On 4/28/06, glymr <glymr_darkmoon@xxxxxxx> wrote:
Anthony DiPierro wrote:
> Well, it's a matter of what type of odds are acceptable to you.  If
>  1/100th of circuits are compromised, I'd consider that too high.
> Now under the diagram I drew above, that'd require about 1/10 of
> the nodes to be compromised.  If you add in another hop, then
> 1/10th of the nodes being compromised would mean only 1/1000th of
> circuits were compromised.
> Or am I calculating something wrong?
> Anthony
yes, in fact more hops means almost nothing relative to the number of
compromised nodes. remember, the proportion of compromised nodes is
the pool the client picks its hops from, and thus given a random
distribution, the amount of compromise risk reduction accelerates
quickly to nothing with extra hops, and increases latency
unacceptably.

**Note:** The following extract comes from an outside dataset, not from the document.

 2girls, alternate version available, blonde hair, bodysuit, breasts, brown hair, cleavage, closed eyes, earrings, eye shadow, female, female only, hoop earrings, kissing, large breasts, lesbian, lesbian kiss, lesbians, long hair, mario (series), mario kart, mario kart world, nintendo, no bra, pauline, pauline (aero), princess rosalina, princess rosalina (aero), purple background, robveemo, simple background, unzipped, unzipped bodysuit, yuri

The only way to defend against compromised nodes getting
two hops in your circuits would be to implement some kind of system to
register suspect nodes and instruct the client not to use them.

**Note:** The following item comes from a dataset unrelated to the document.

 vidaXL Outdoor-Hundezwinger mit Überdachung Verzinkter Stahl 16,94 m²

The way I understand it, an attacker would need to compromise all the nodes except for the exit node (and the start node, of course) - *not* that they need to compromise any two nodes in the chain.

If there is an attack that can be made, for example, over a 9 hop
chain where an attacker only has two nodes compromised, I'm not sure
what it is.  I suppose there could be some sort of timing attack, one
that can't be easily mitigated by cover traffic.  Maybe that's what
I'm missing.